On reflection, it's a lovely thing to want to go home and to be happy with the thought of it. It's nice to miss it after a change of scene and then appreciate the little things, like your own bedroom or kitchen or special mug. That's what a holiday can do - refresh your appreciation, I guess.
And the 'meal' we had out did nothing to make me want to stay away from home much longer, either. Even if my own cooking is questionable and sporadic. I made the naive mistake of thinking that the venue we went to today had a rather reasonably-priced menu (less than £10 per head) and the door, a bit trendy-looking, made it look like a Gourmet Burger Kitchen-type place (the venue shall remain nameless). Well... the final bill for the three of us came to £28 and it was nothing to write home about, unless you were writing to complain. And to add insult to injury, Grace didn't eat any of hers. It did consist of a dry burger bap with a small burger - no tomato slice, lettuce, mayo or guerkin there - so I can't really blame her. There wasn't even a slice of cheese to entice the poor child.
But what added comedy to the scenario was how lacking in lustre and dynamism the whole place was. You never quite knew what was happening, at this place that served 'plastic food', as Michael calls it. I felt a bit sorry for the staff to be honest; it seemed understaffed. The sign at the entrance said to wait to be seated. But standing there made you realise nobody was coming out from the McDonalds-looking counter, behind which the fries were fried and the burgers were burgered. It was, in reality, a glorified McDonalds or Burger King, but with slower service and higher prices.

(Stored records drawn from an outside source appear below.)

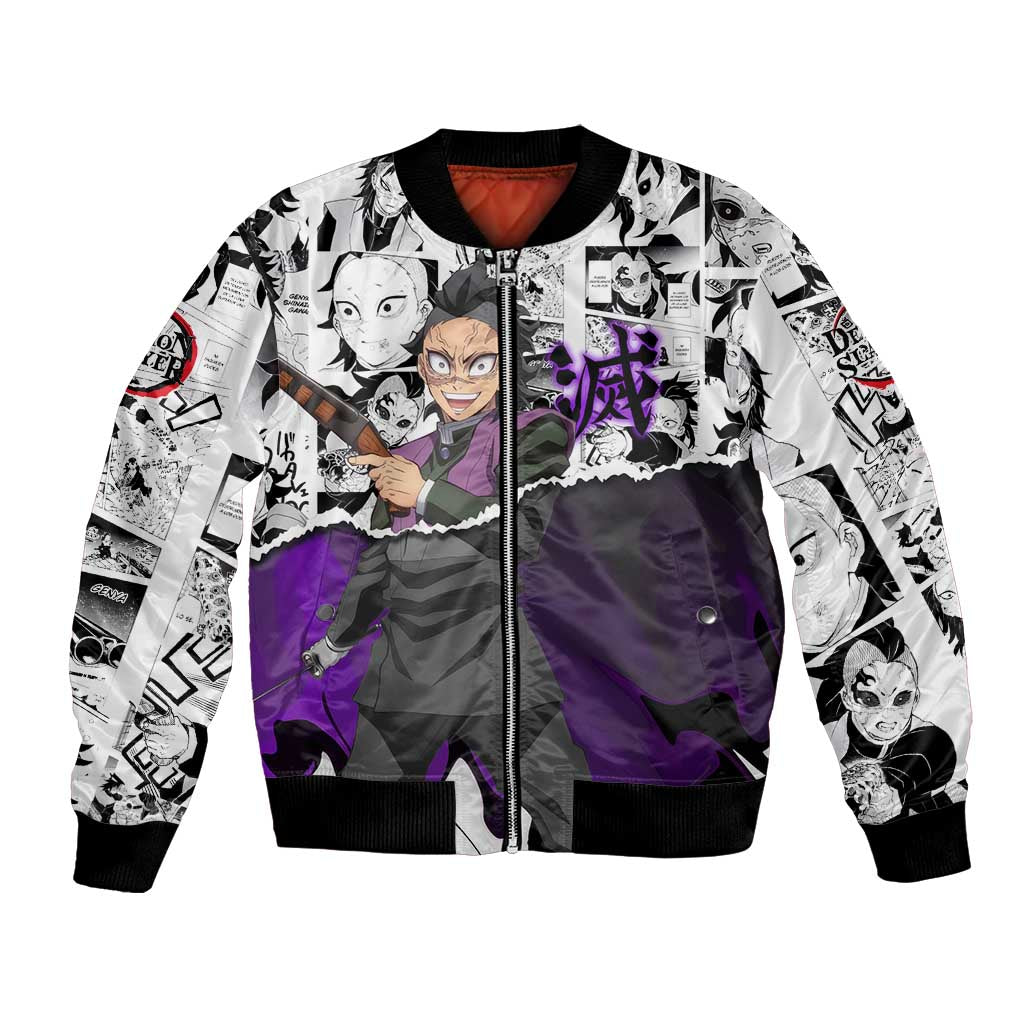 Genya Shinazugawa Demon Slayer Manga Panel Black and White Theme Bomber Jacket with Purple Accents and Gun Action Pose - The Mazicc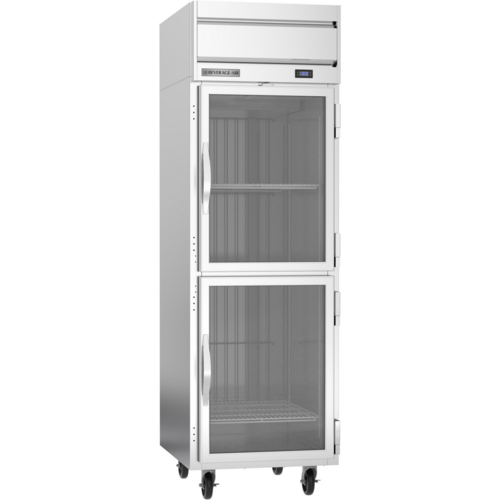 Beverage Air HF1HC-1HG Horizon Series Freezer One Section 21 Cu Ft Half Glass Doors Adjustable Shelves LED Lighting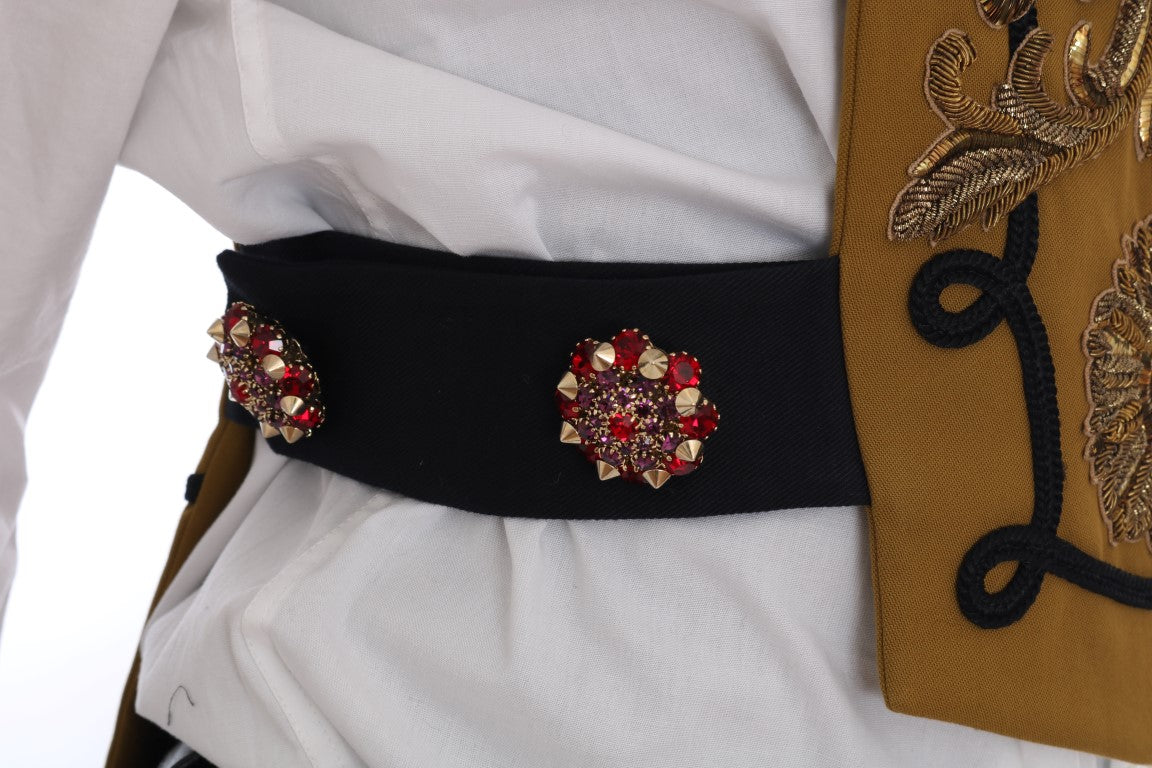 Veste sans manches Dolce &amp; Gabbana jaune à croix en cristal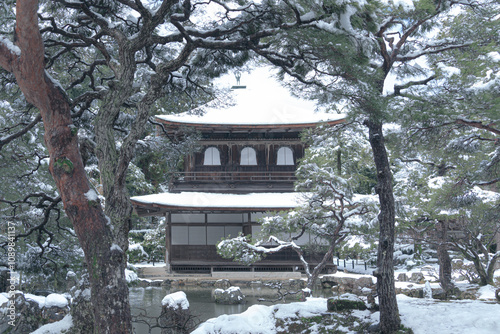 Ginkakuji temple in the snow in Kyoto, Japan.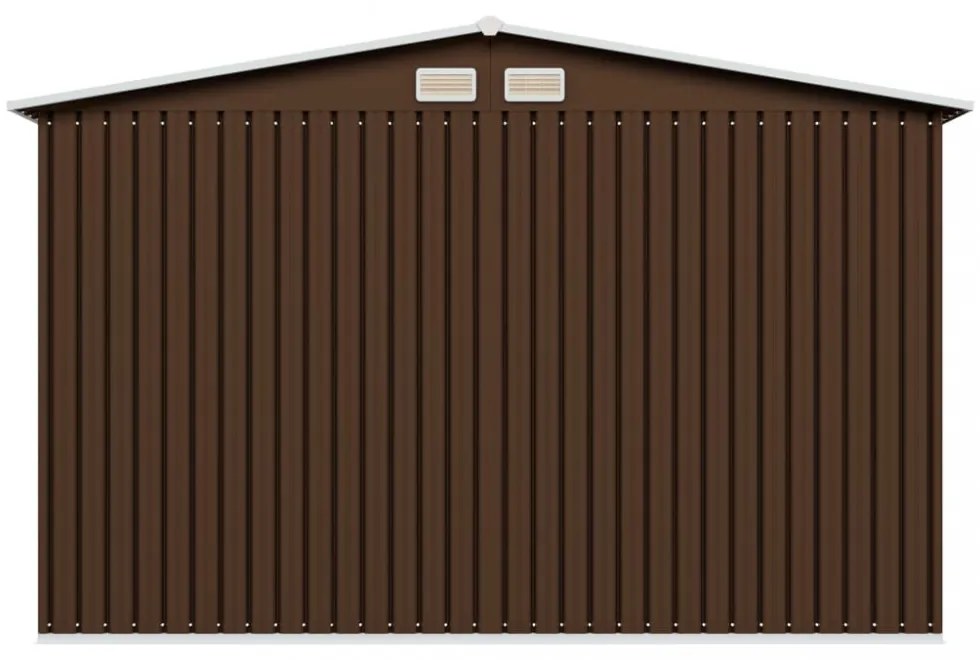 barna acél kerti fészer 257 x 205 x 178 cm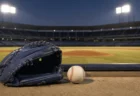 ナイター照明が灯る野球スタジアムのベンチ前に置かれたグラブとボール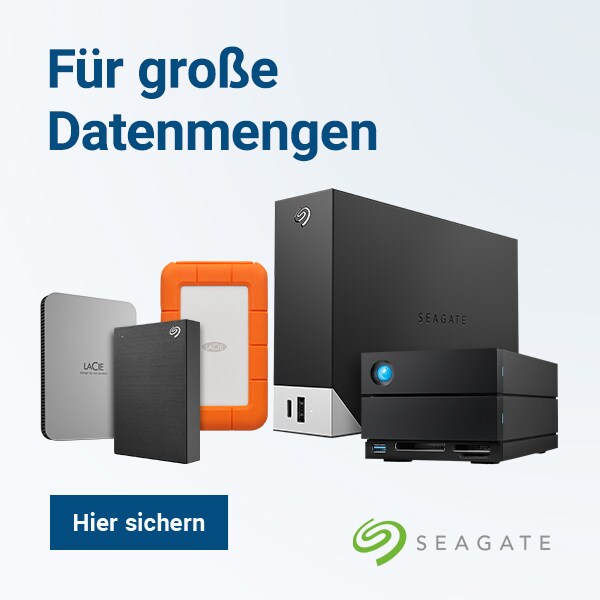 Hier geht es zu den Festplatten von Seagate & LaCie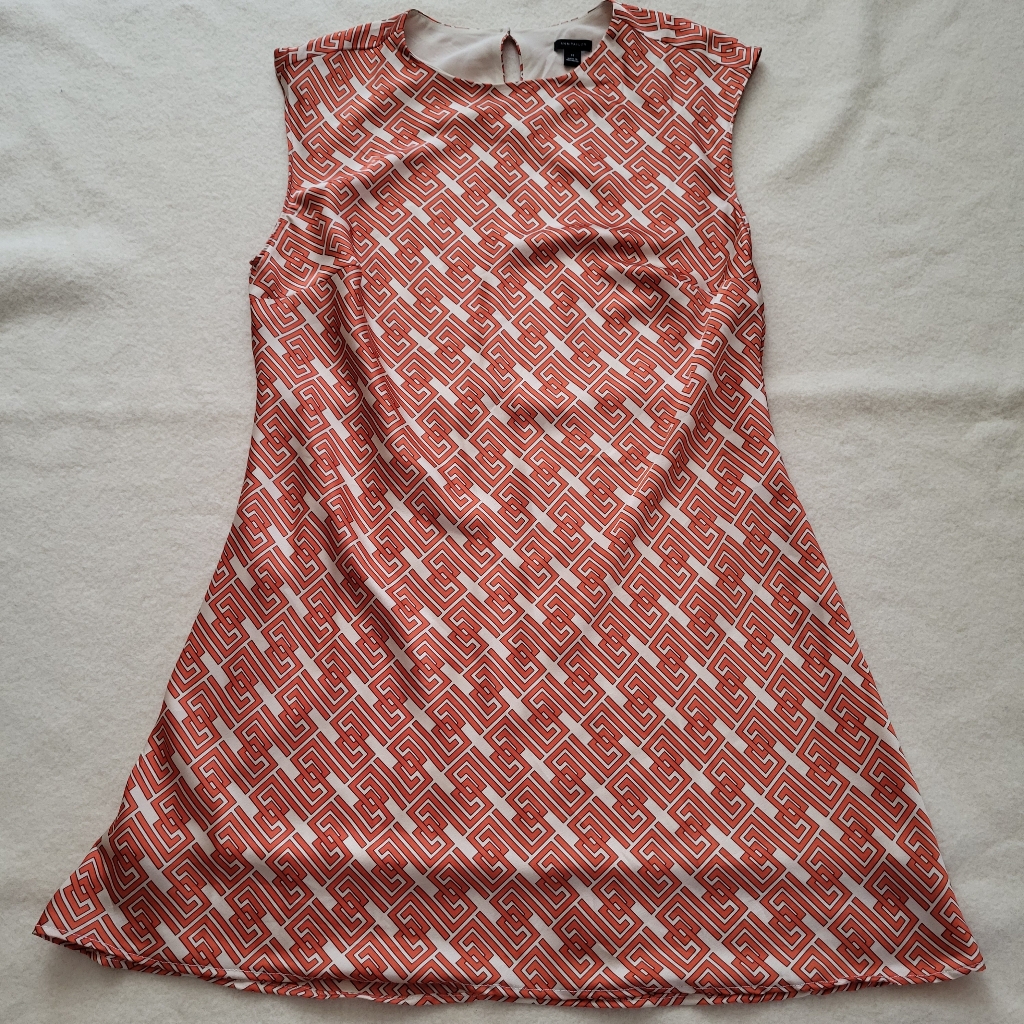 Nwt Silk Top Women's Size 12 Sleevless Orange Geometric Lined Bias Cut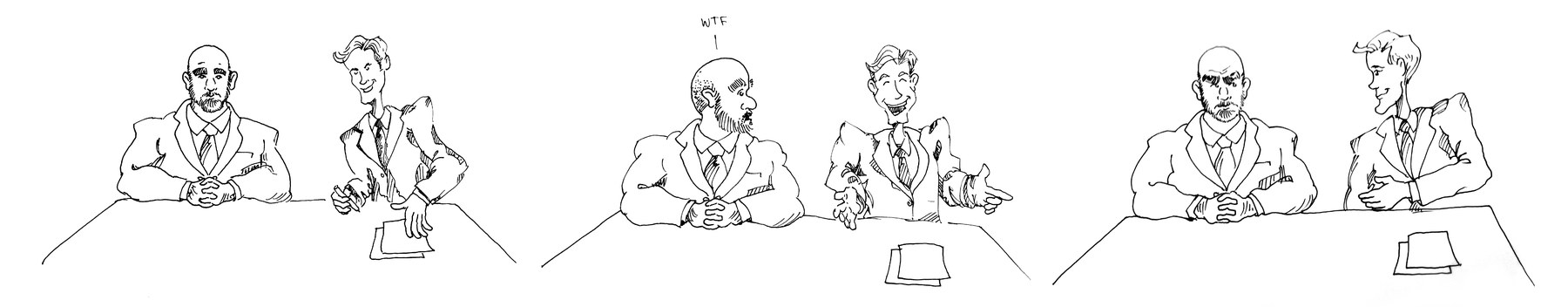 Early character sketches for the HireVue Coach pitch video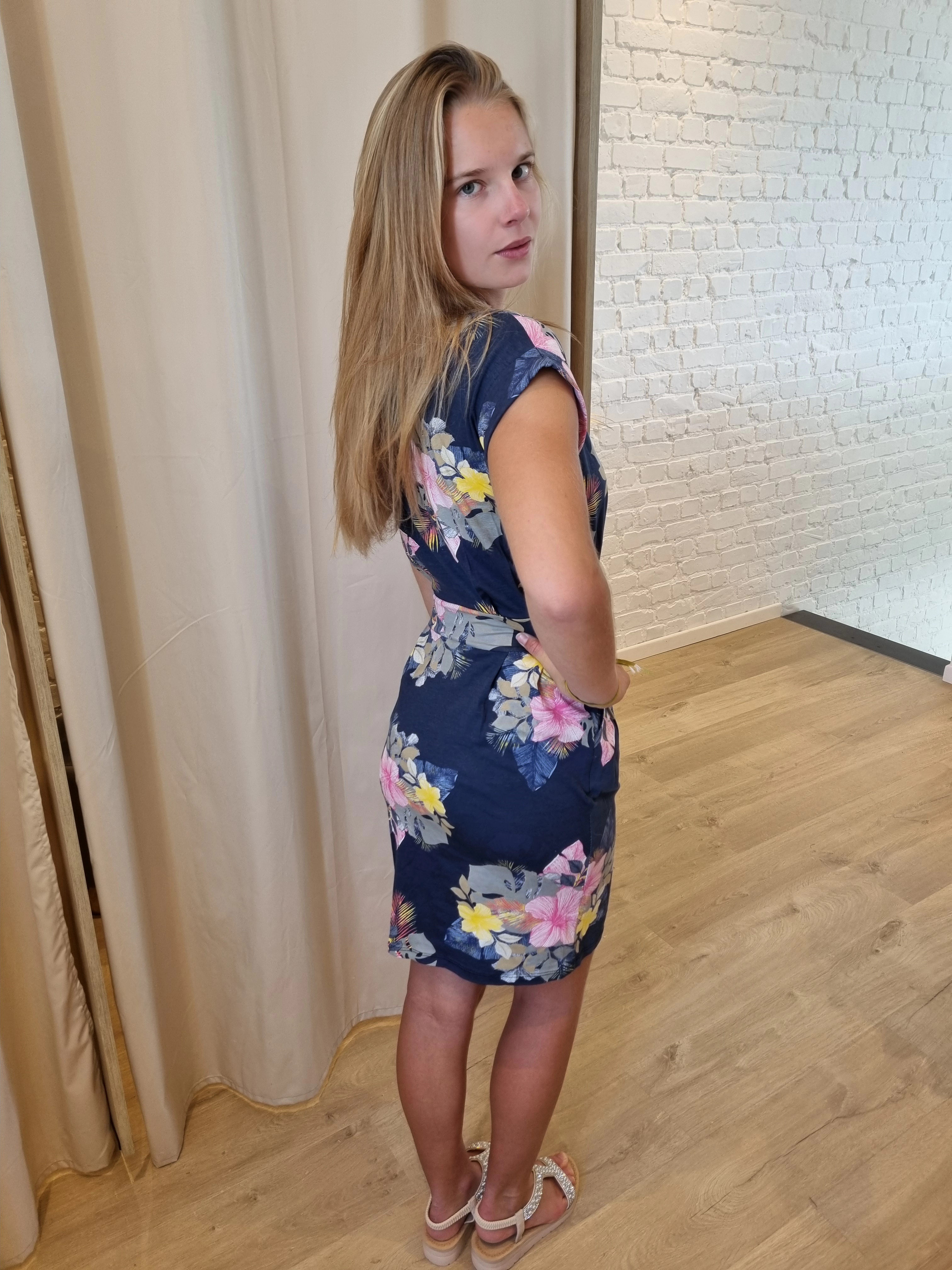 jurk met striklint en bloemenprint roze/blauw/donkerblauw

Anyway, on another topic, I've seen a lot of tattoos today. For some reason there seem to have been more today than on any other. When I mentioned this to Michael he said there's been an explosion of them in Britain recently. I hadn't noticed. I did see a couple of guys here with tattoos all over the back of their heads, something I hadn't really seen before. But today at the pool, there were tattoos everywhere. It felt as though some secret Tattoo Club had entered Subtropical Swimming Paradise. One man had a huge tattoo on his chest which was kind of two thirds a woman's face and then a huge skull overlapping it - what did this signify? I saw a tattoo of a unicorn between shoulder blades, entire shins and arms tatooed and POW written across one arm. I saw cryptic writing that seemed to have hidden meanings, colourful tattoos, black and white tattoos, an intricate elephant tattoo... Michael says there's a huge craze of them at his work and everyone's getting them. I just don't quite understand how I hadn't noticed this before.
I might get tattooed on my arm the word 'because' in response to Gracie's eternal question 'why?' Would save me some time. P.s Have just had to log in and add this. Michael's just told me that he's seen two 'Made in Mansfield' tattoos, complete with a map of Mansfield coloured in with a Union Jack, one between shoulder blades and one on a lower back. Thought that was brilliant!
Gracie's phrase for last night: 'Daddy, when I grow up please don't make me have mummy and daddy toothpaste. It's too minty.' (this was after she'd been told she could have her 'little girl toothpaste' between the age of 3 and 5).